> [Work required]: Please quote exactly the lines below from the line containing "Image OPEL Corsa" to the line containing "Pitigliano: A Pequena", both lines included, and nothing else.

> [Material for this exercise]:
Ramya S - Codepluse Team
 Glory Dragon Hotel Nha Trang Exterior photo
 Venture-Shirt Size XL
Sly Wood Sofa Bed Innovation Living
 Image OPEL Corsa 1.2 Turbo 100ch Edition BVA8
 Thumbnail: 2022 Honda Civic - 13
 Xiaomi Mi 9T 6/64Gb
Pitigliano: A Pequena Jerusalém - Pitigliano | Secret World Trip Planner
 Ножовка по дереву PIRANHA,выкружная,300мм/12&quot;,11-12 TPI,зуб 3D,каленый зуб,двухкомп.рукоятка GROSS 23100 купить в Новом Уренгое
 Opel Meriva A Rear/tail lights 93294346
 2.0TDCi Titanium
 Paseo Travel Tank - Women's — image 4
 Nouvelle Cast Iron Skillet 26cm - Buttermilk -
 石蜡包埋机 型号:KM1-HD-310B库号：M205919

> [Answer section]:
 Image OPEL Corsa 1.2 Turbo 100ch Edition BVA8
 Thumbnail: 2022 Honda Civic - 13
 Xiaomi Mi 9T 6/64Gb
Pitigliano: A Pequena Jerusalém - Pitigliano | Secret World Trip Planner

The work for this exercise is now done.